Vocal, articulate, fluent, eloquent, voluble, glib can mean being able to express oneself clearly or easily, or showing such ability.
Vocal usually implies ready responsiveness to an occasion for expression or free and usually forceful, insistent, or emphatic voicing of one’s ideas or feelings.
Articulate is as often applied to thoughts and emotions with reference to their capacity for expression as to persons or their utterances.
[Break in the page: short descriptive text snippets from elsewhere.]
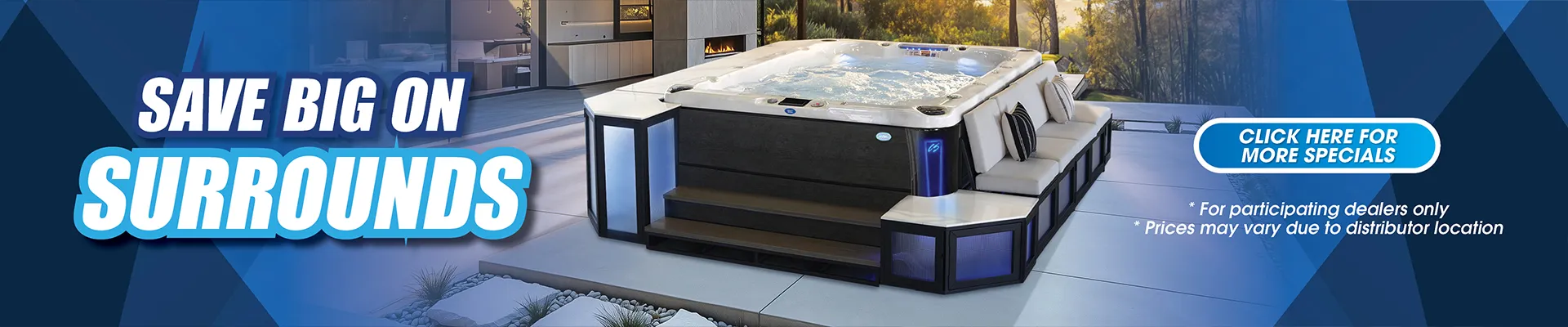 Calspas hot tub being used in a family setting - Oklahoma City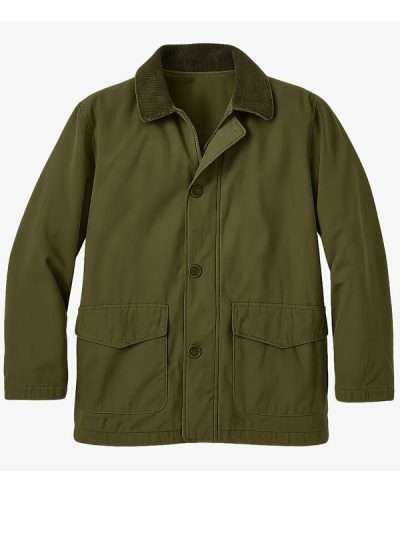 Earl Brown Sheriff Country Green Jacket
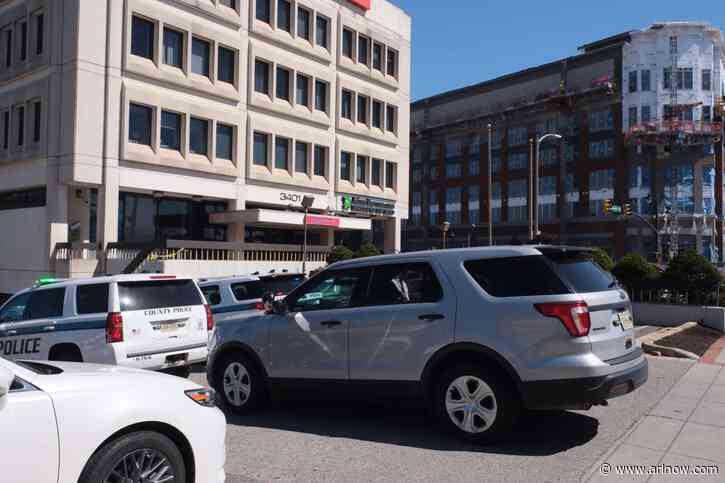 NEW: Police investigating bank robbery on Columbia Pike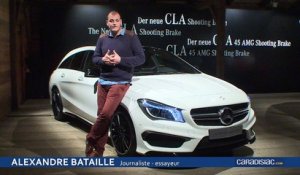 Première mondiale Mercedes CLA Shooting Brake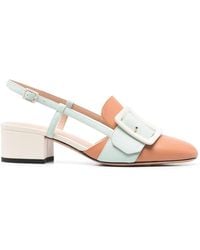 Bally - Jasmine Slingback-Pumps - Lyst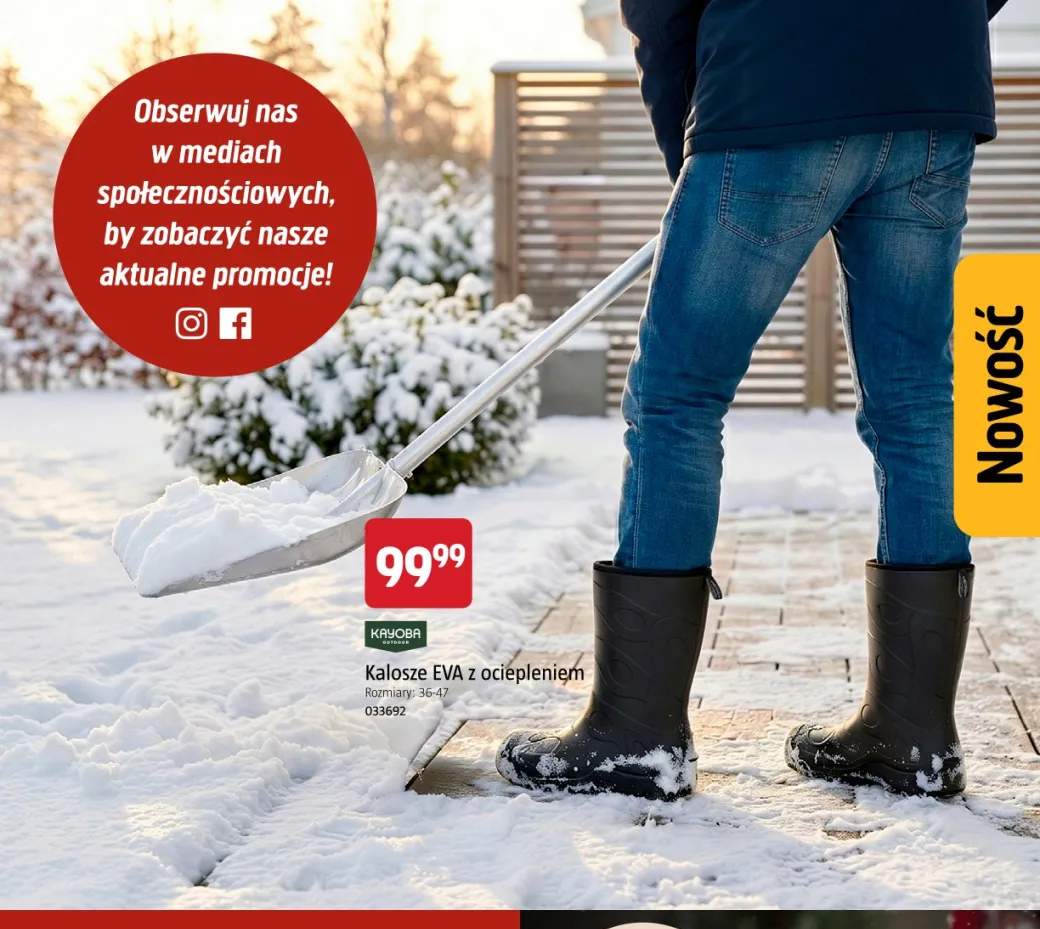 Kalosze EVA z ociepleniem Kayoba Outdoor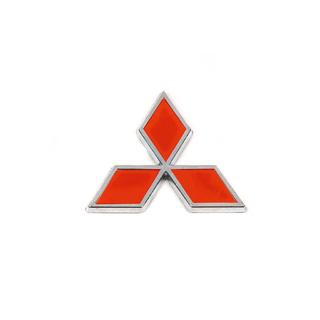 Badge 85mm (red) Mitsubishi Colt 1996-2004 photo 1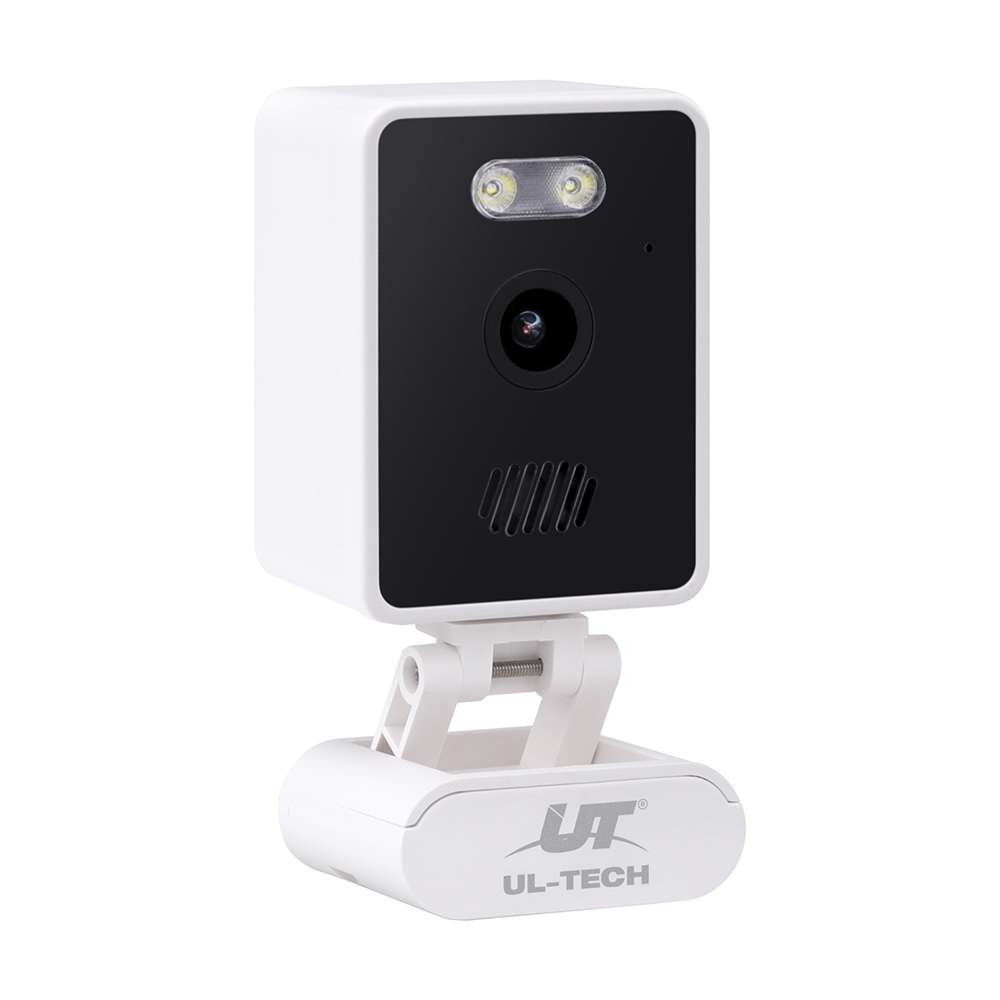 CCTV-IP-B-RC1-WH-198142-00 UL-tech 3MP IP Camera Baby Monitor - Image 1
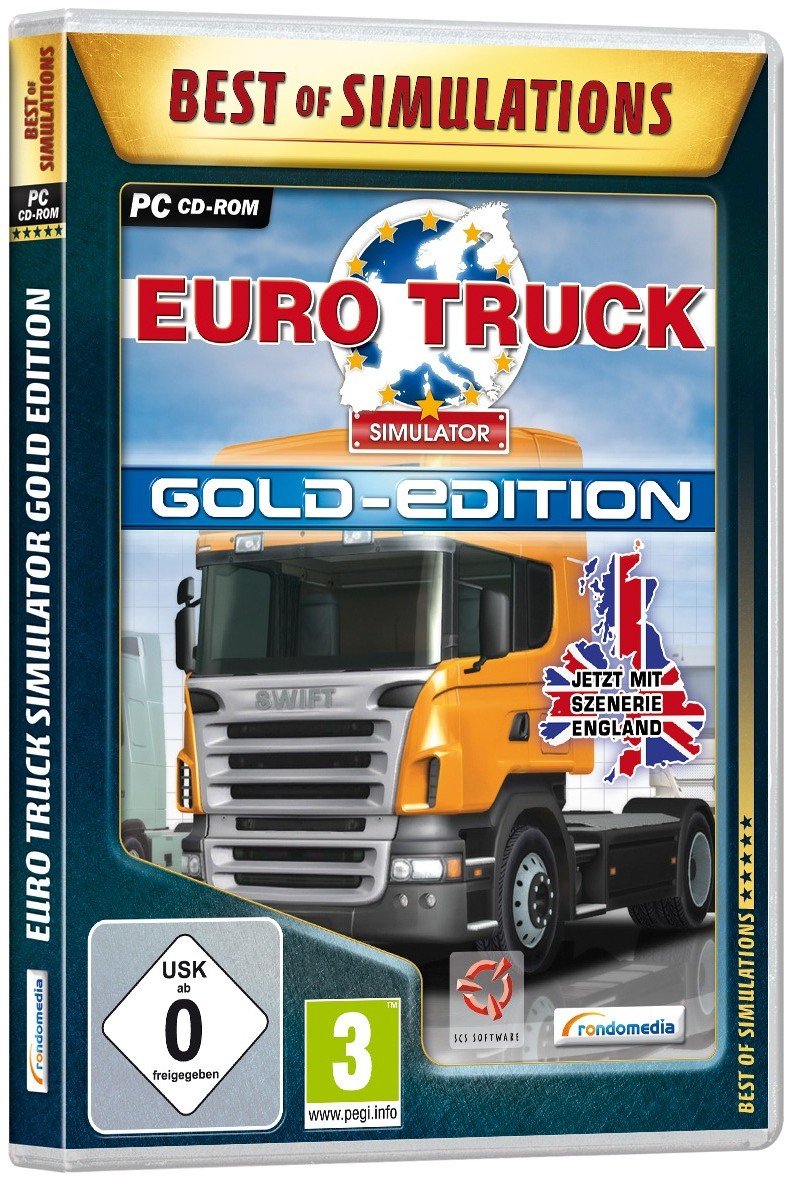 Best of Simulations: Euro Truck-Simulator Gold-Edition PC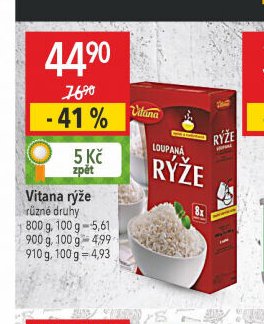 Vitana rýže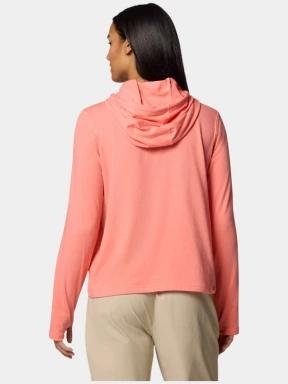 Columbia Sun Trek Hoodie II női kapucnis pulóver piros színben 3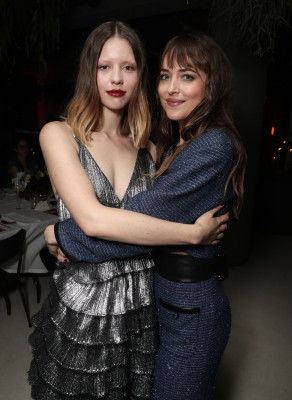 DAKOTA JOHNSON at Suspiria Premiere Party in London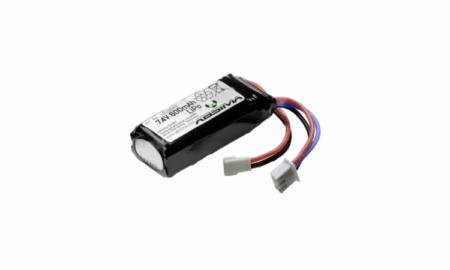 Batería Absima LiPo 2S/7.4V 600mAh AB240063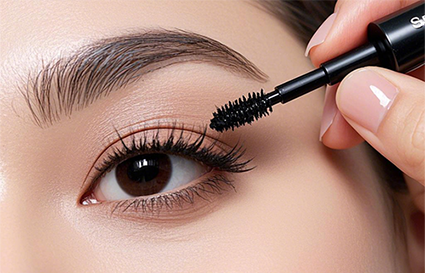 沈陽化妝學(xué)校_睫毛膏的使用技巧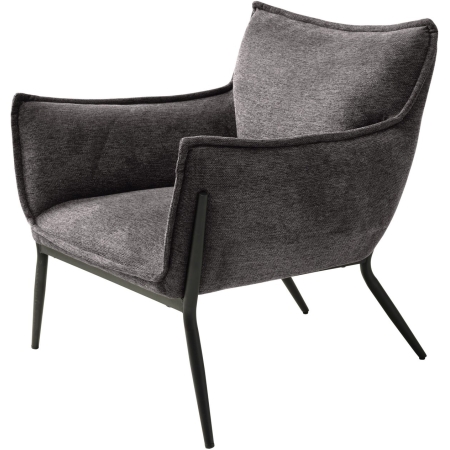 23900001-CALGARY-LOUNGE-DARK-GREY-FABRIC_1 Poilsio kėdė Calgary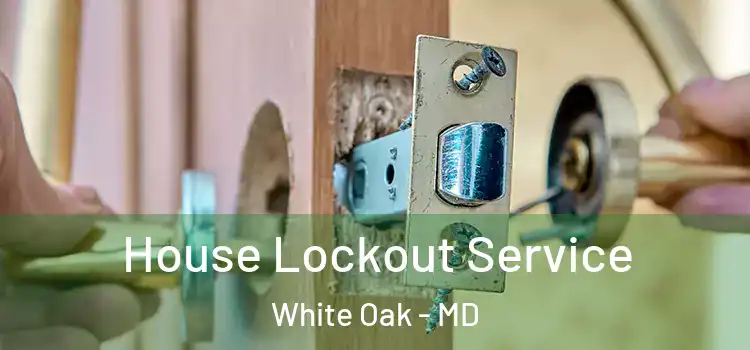 House Lockout Service White Oak - MD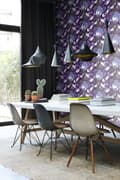 Miniatyrbild 3 av 8: Origin Wallcoverings tapet magnolia lila 53 cm x 10,05 m
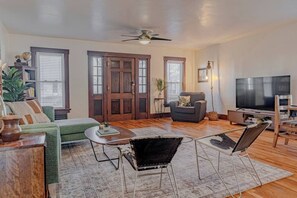 Smart TV - Charming Home w/ Fire Pit & Fenced Yard! (Manhattan)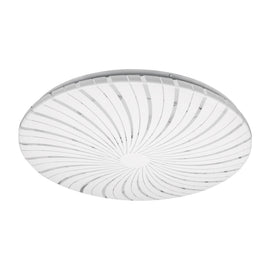 Luminario LED 22 W tipo plafón decorativo luz de día, VOLTECK PLA-304L (46018)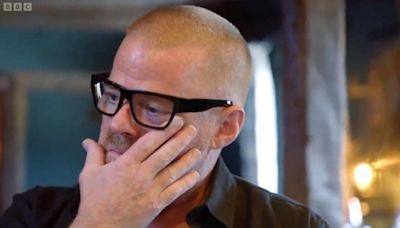 Heston Blumenthal tearfully reveals wife was forced to have him sectioned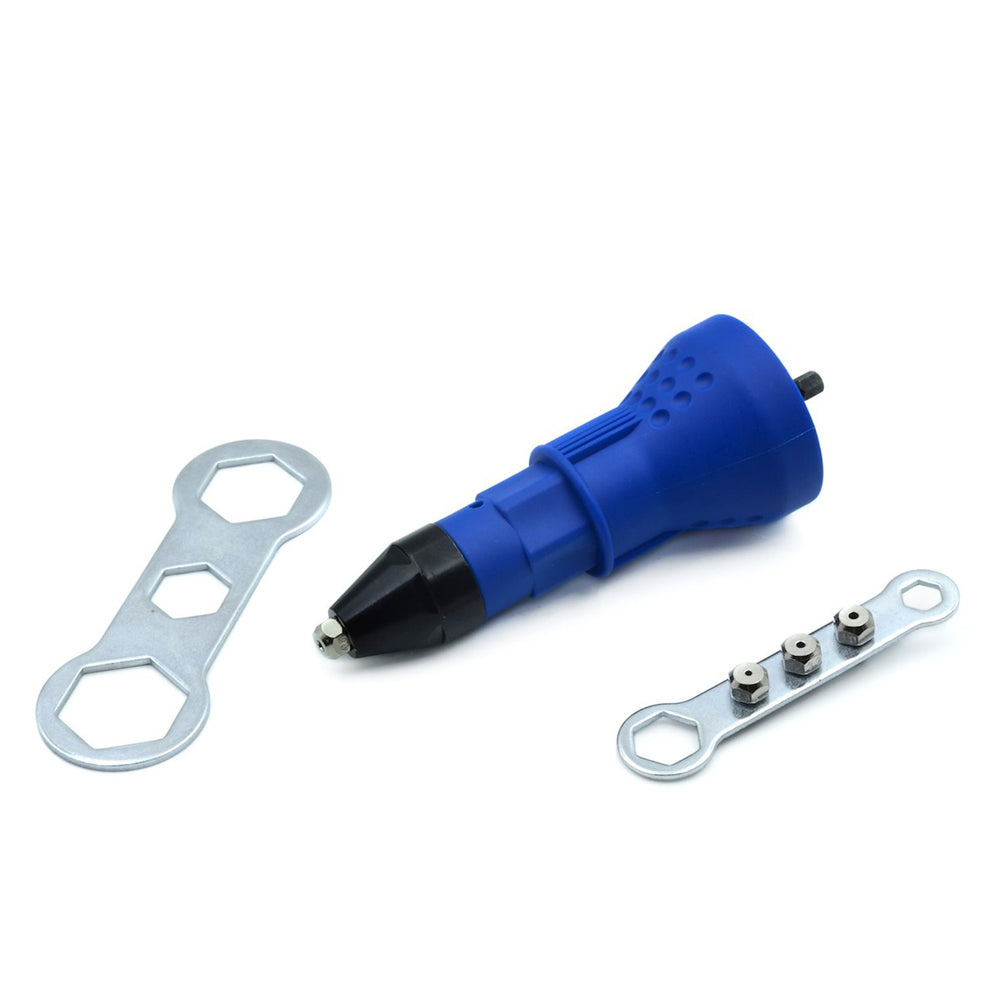 Popszegecshúzó adapter fúrógéphez GEKO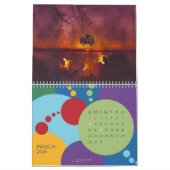 Calendrier Imagination l'explorant (Mar 2026)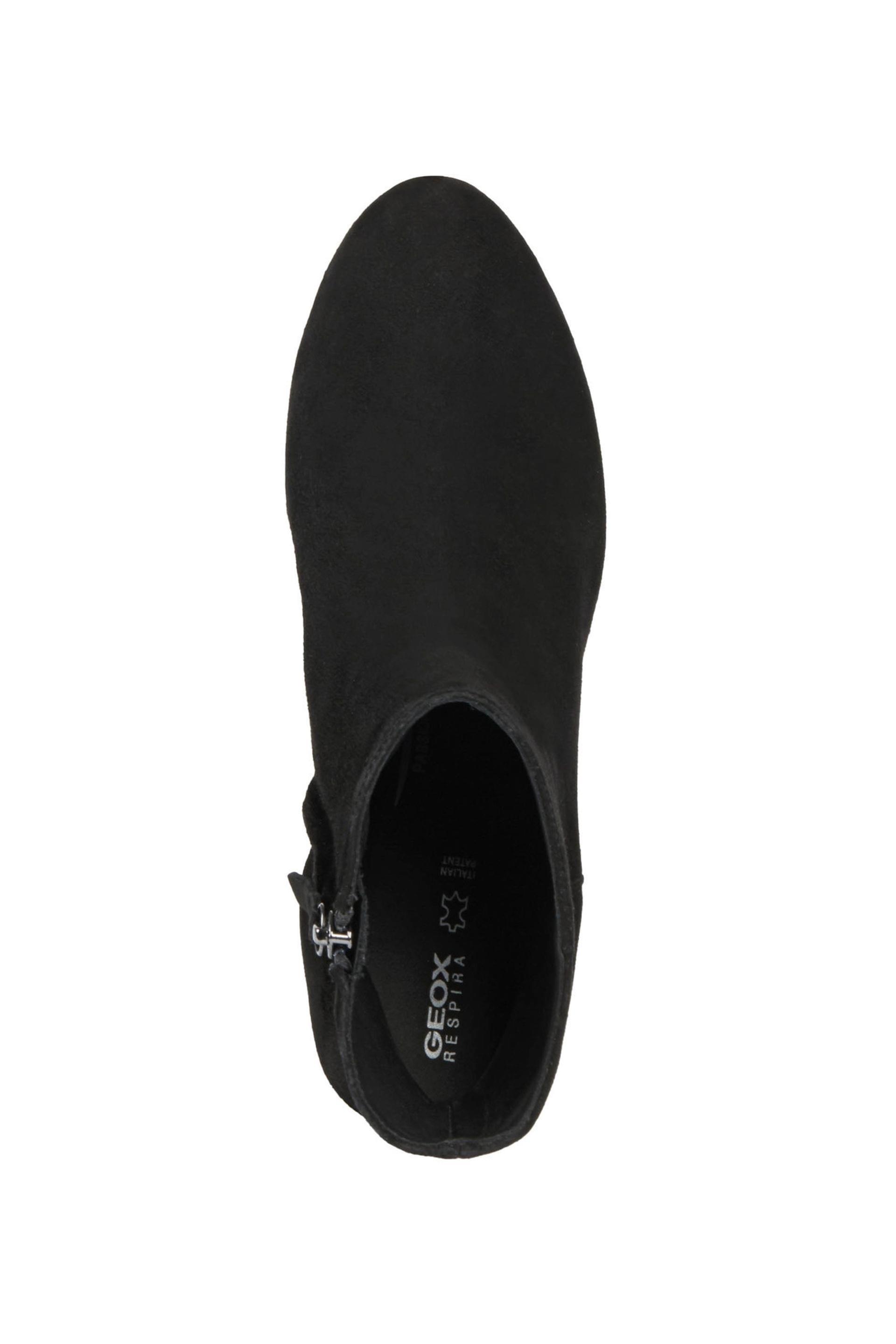 Geox Pheby 80 Enkellaarsjes D16QPF_00021 in Black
It implies the use of language which exactly and distinctly reveals or conveys what seeks expression.
Fluent stresses facility in speaking or writing and copiousness in the flow of words; unlike vocal and articulate , it refers chiefly to the manner of the expression rather than to the matter seeking expression.
The word can carry a definite suggestion of depreciation or contempt, but it also is the only one of these words capable of implying facility and ease in the use of a foreign language.
Eloquent usually implies fluency but it suggests also the stimulus of powerful emotion and its expression in fervent and moving language; it is applicable not only to speakers but to writers and can be extended to things that convey similar suggestions (see also EXPRESSIVE ).
Voluble and glib both imply loquacity and are usually derogatory.
Voluble suggests a flow of language that is not easily stemmed.
Glib implies such facility in utterance as to suggest superficiality or emptiness in what is said or slipperiness or untrustworthiness in the speaker.